__What you have to do__. Would you output the lines from the one containing "承接服装匹烫-第1张图片" through the final line of the entries, exactly and with pictures omitted?

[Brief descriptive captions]
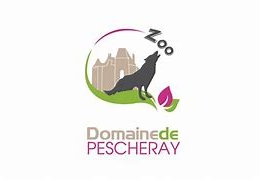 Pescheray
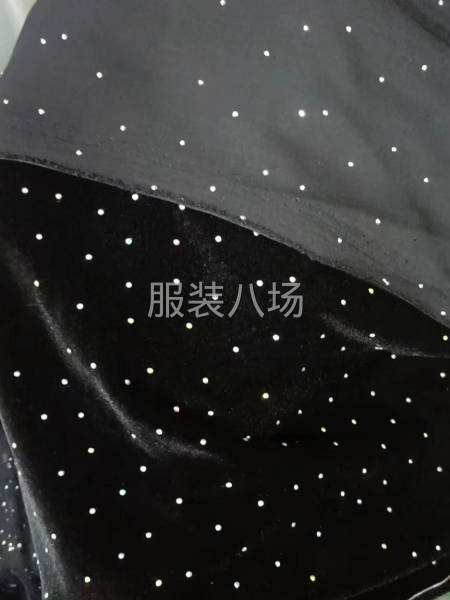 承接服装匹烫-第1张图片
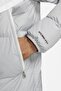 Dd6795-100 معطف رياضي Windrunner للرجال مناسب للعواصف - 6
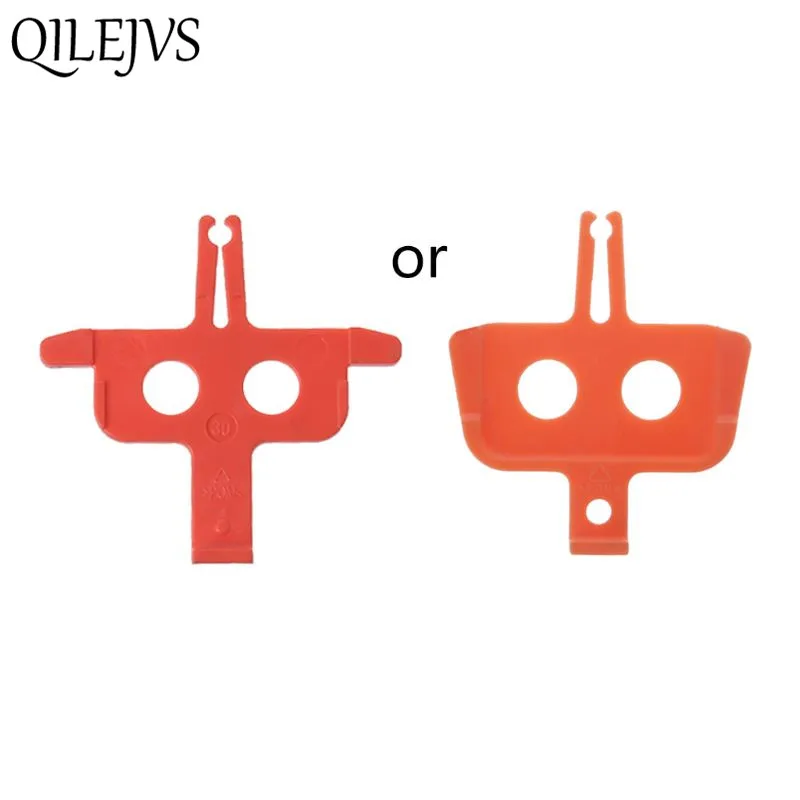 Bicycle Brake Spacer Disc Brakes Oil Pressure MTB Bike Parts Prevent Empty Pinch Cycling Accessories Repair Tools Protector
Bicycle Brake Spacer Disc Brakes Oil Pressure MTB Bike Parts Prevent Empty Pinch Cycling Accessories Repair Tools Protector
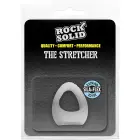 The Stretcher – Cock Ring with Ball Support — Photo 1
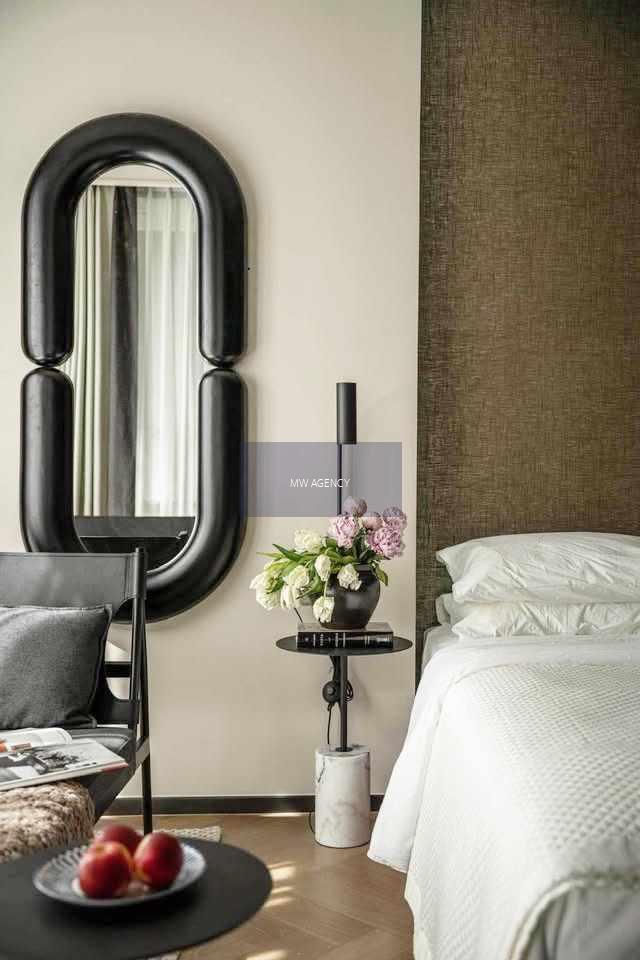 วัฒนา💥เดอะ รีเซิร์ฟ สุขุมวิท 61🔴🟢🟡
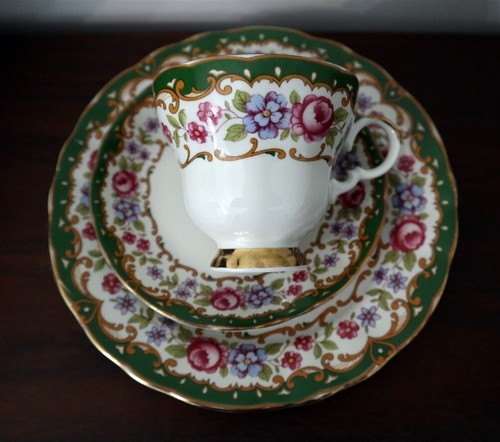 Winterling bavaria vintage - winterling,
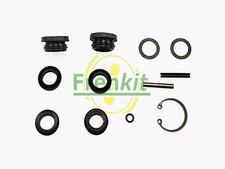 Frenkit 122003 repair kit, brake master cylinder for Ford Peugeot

__Answer area__.
 承接服装匹烫-第1张图片
 Dd6795-100 معطف رياضي Windrunner للرجال مناسب للعواصف - 6
 Bicycle Brake Spacer Disc Brakes Oil Pressure MTB Bike Parts Prevent Empty Pinch Cycling Accessories Repair Tools Protector
Bicycle Brake Spacer Disc Brakes Oil Pressure MTB Bike Parts Prevent Empty Pinch Cycling Accessories Repair Tools Protector
 The Stretcher – Cock Ring with Ball Support — Photo 1
 วัฒนา💥เดอะ รีเซิร์ฟ สุขุมวิท 61🔴🟢🟡
 Winterling bavaria vintage - winterling,
 Frenkit 122003 repair kit, brake master cylinder for Ford Peugeot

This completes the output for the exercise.